Upgrading an application running in a container also differs from the way how applications running on a virtual machine are traditionally upgraded. Applications running on a virtual machine are usually upgraded by installing a new version of the application on the existing virtual machine. Instead, applications running in a container are upgraded by creating a new image containing the latest version of the application and then recreating all the containers using the new image. In other words, instead of upgrading the application running in the existing containers, the existing containers are replaced with new containers that run the latest version of the application. However, the approach is not container-specific since handling upgrades on virtual machines in cloud environments often follows the same process nowadays.

Container management systems

Running a single container or an application consisting of a couple of containers on a local machine for testing or development purposes is a simple task. Instead, running a complex application consisting of tens of containers in a production environment is far from simple. Container management systems are tools that provide capabilities to manage complex setups composed of multiple containers across many servers. In general, container management systems automate the creation, deployment, destruction, and scaling of containers. Available features vary between different solutions and may include, for example, monitoring, orchestration, load balancing, security, and storage. However, running a container management system is not a simple task that brings additional complexity to management and operations.

Kubernetes is the best-known open-source container management system. Google originated it, but nowadays, it is widely used in the industry, and by different service providers. For example, all the major cloud service providers offer Kubernetes services. When it comes to commercial alternatives, Docker Enterprise Edition is probably the best-known commercial solution, but there are many other solutions available too.

Pros and cons

The benefits of containerization vary between different applications. And sometimes containerization may not provide any benefits. Therefore, instead of containerizing everything by default, only applications that benefit from containers should be containerized.

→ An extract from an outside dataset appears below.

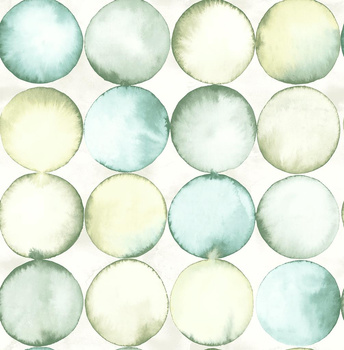 JA31704 - tapeta Watercolor Circles Jasmine WallQuest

Containers provide a streamlined way to distribute and deploy applications. Containers are highly portable, and they can be easily deployed to different operating systems and platforms. They also have less overhead compared to virtual machines, which enables more efficient utilization of computing resources. Besides, containers support agile development and DevOps enabling faster application development cycles and more consistent operations. All in all, containers provide many benefits, but they’re not perfect, they have disadvantages too. 

In general, managing containers in a production setup requires a container management system. The system automates many aspects of container management, but implementing and managing the system itself is often complicated and requires special skills. Managing persistent data storage brings additional complexity as well, and incorrect configuration may lead to data loss. Besides, persistent storage configurations may not be fully compatible between different environments and platforms, which means that they may need to be changed when containers are moved between environments. For example, both Docker and Kubernetes have the concept of volume, but they’re not identical and, therefore, behave differently.

All in all, containers offer many benefits, and they provide an excellent alternative to other virtualisation options. However, containers cannot fully replace the other options, and therefore, different solutions will be used side-by-side in the future too.